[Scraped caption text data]

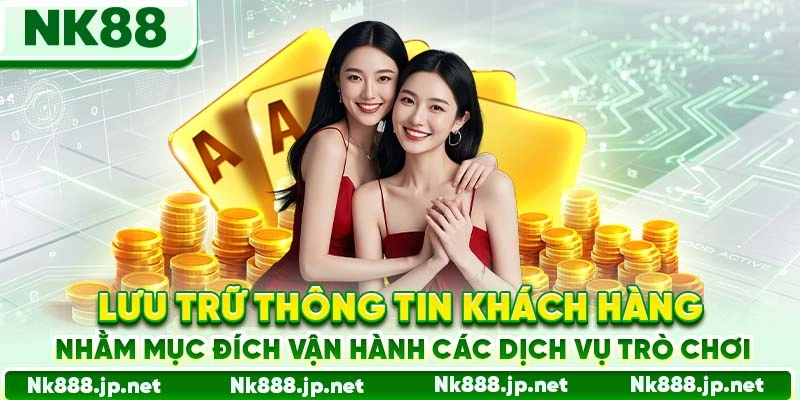 Lưu trữ thông tin khách hàng nhằm mục đích vận hành các dịch vụ trò chơi
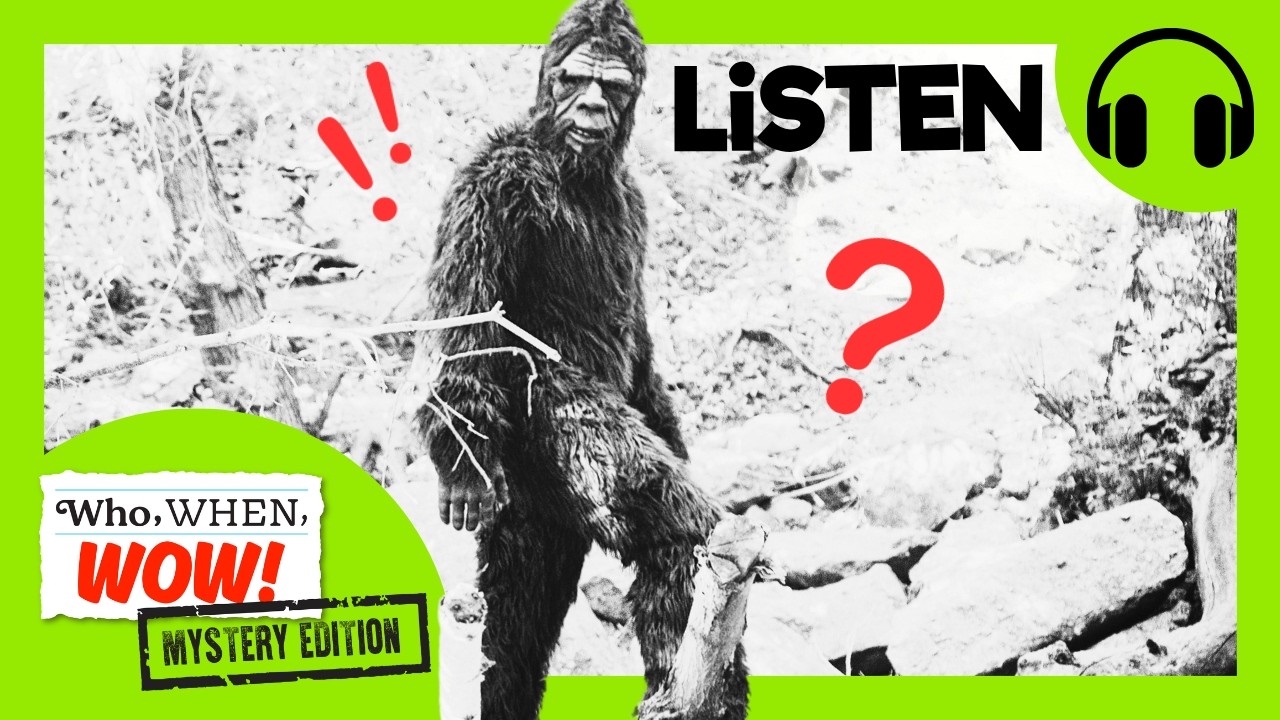 Is Bigfoot Real?! | Kids Podcast 🎧 | Who, When, Wow: Mystery Edition 🔎 | Full Episode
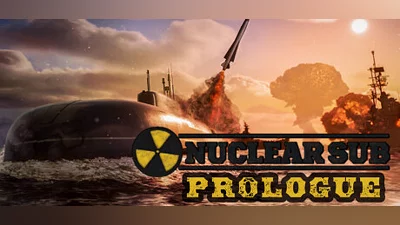 Nuclear Sub: Prologue Bundle
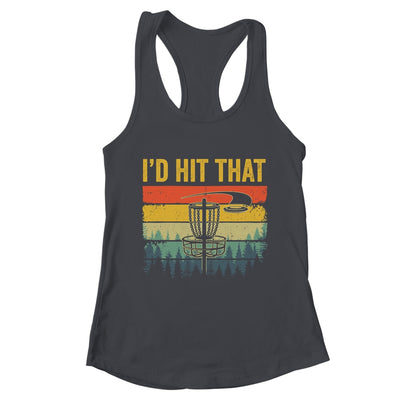 I'd Hit That Funny Disc Golf Art Vintage Disc Sport Player Shirt & Tank Top | teecentury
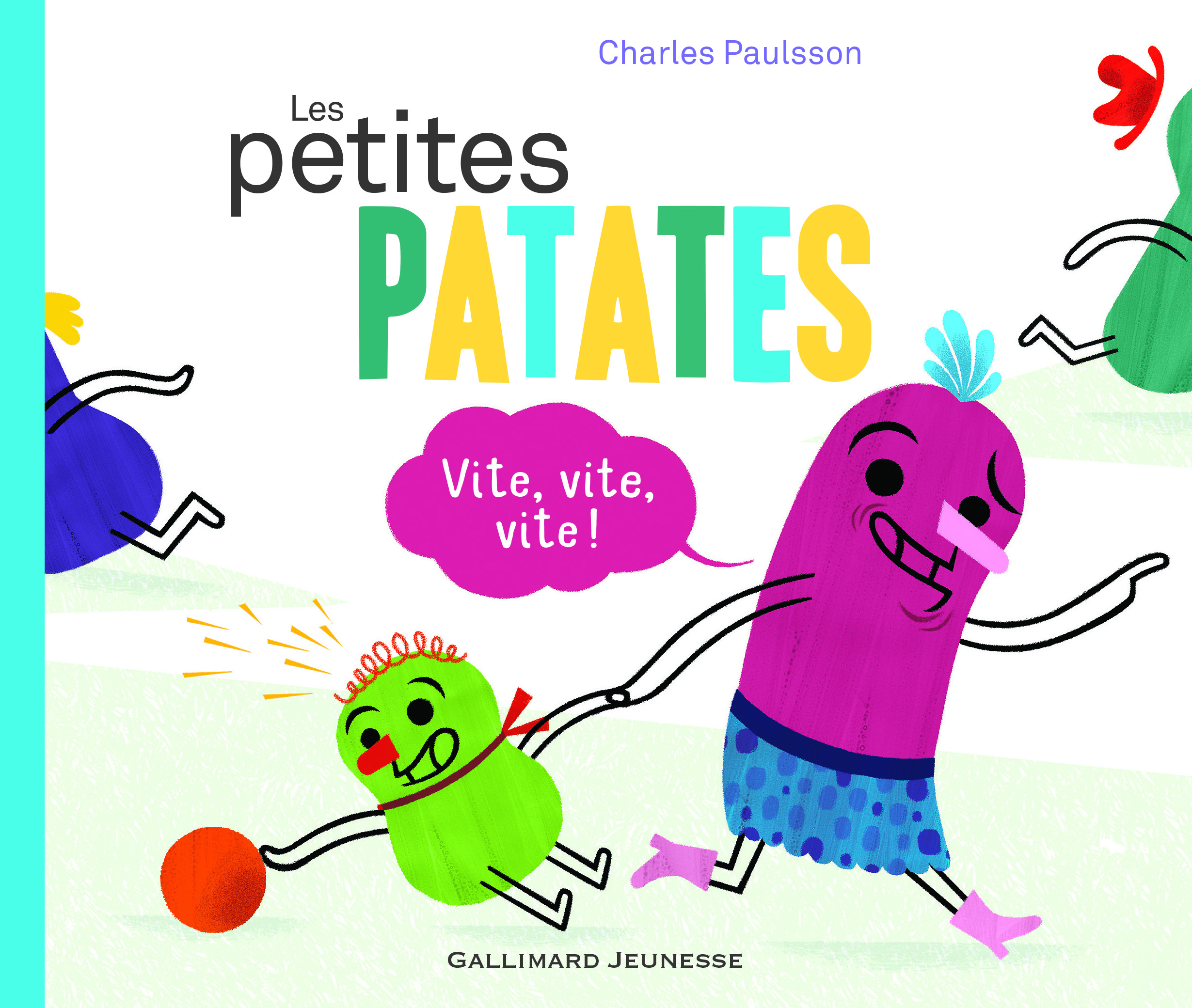Vite, vite, vite ! - Charles Paulsson - GALLIMARD JEUNE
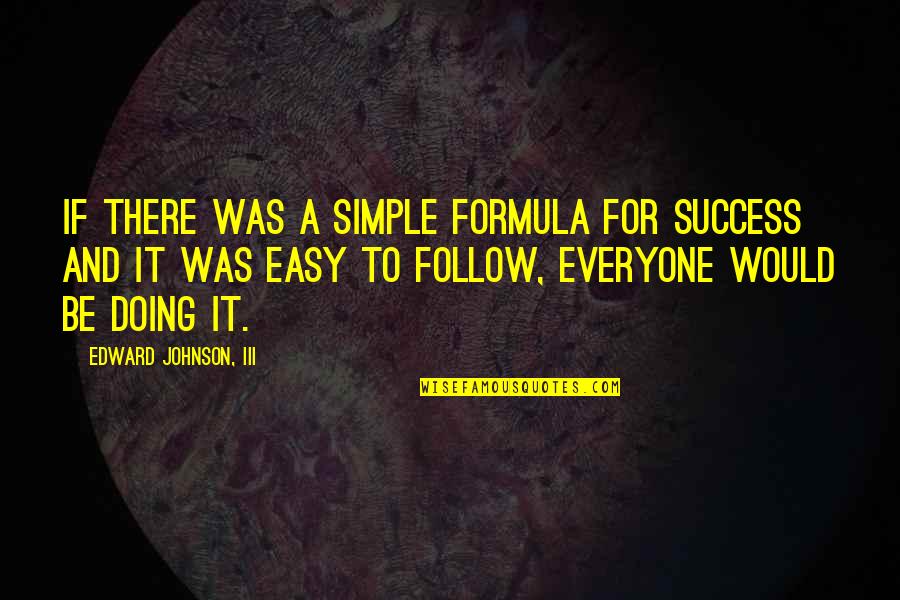 Follow Success Quotes By Edward Johnson, III: If there was a simple formula for success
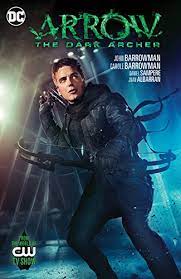 Maybe you would like to learn more about one of these? Arrow The Dark Archer 2016 English Edition Ebook Barrowman John Barrowman Carole E Sampere Daniel Sampere Daniel Albarran Juan Amazon De Kindle Shop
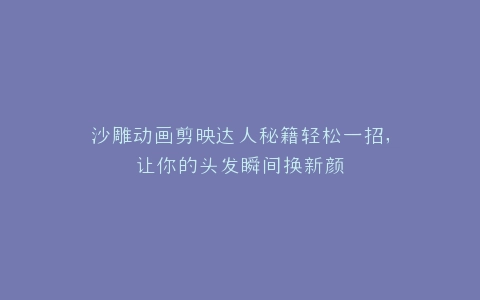 沙雕动画剪映达人秘籍轻松一招,让你的头发瞬间换新颜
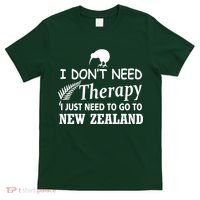 I Don't Need Therapy I Just Need To Go To New Zealand T-Shirt thumb 0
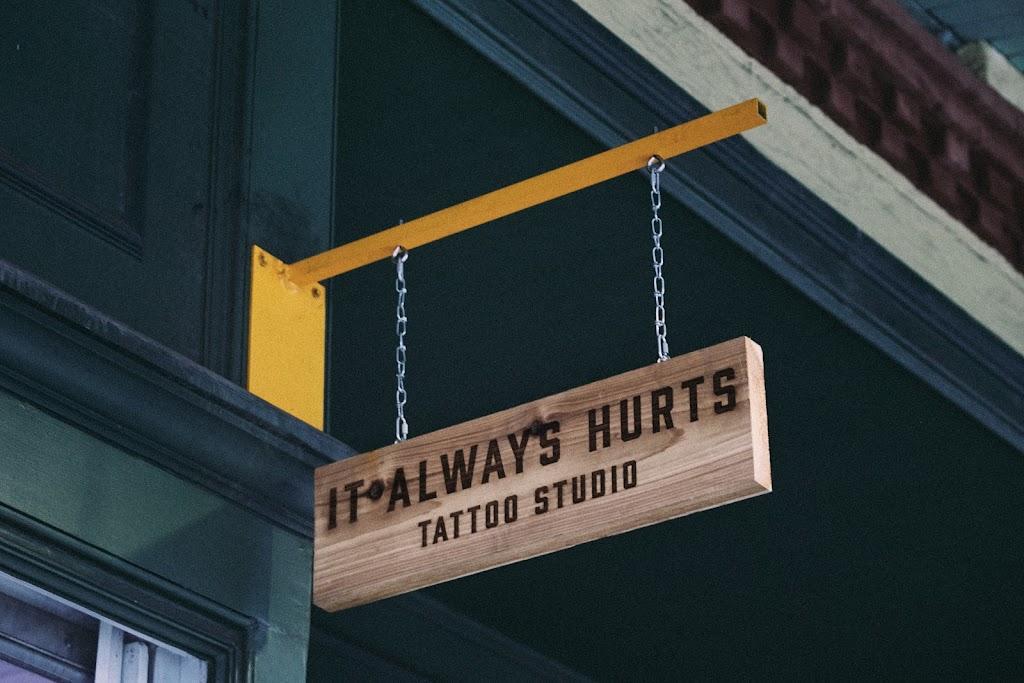 It Always Hurts Tattoo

**TASK REQUIREMENTS**
Quote precisely the lines of the data from the line containing "Maybe you would" through its final line, both included, excluding pictures.

**WRITTEN ANSWER**
 Maybe you would like to learn more about one of these? Arrow The Dark Archer 2016 English Edition Ebook Barrowman John Barrowman Carole E Sampere Daniel Sampere Daniel Albarran Juan Amazon De Kindle Shop
 沙雕动画剪映达人秘籍轻松一招,让你的头发瞬间换新颜
 I Don't Need Therapy I Just Need To Go To New Zealand T-Shirt thumb 0
 It Always Hurts Tattoo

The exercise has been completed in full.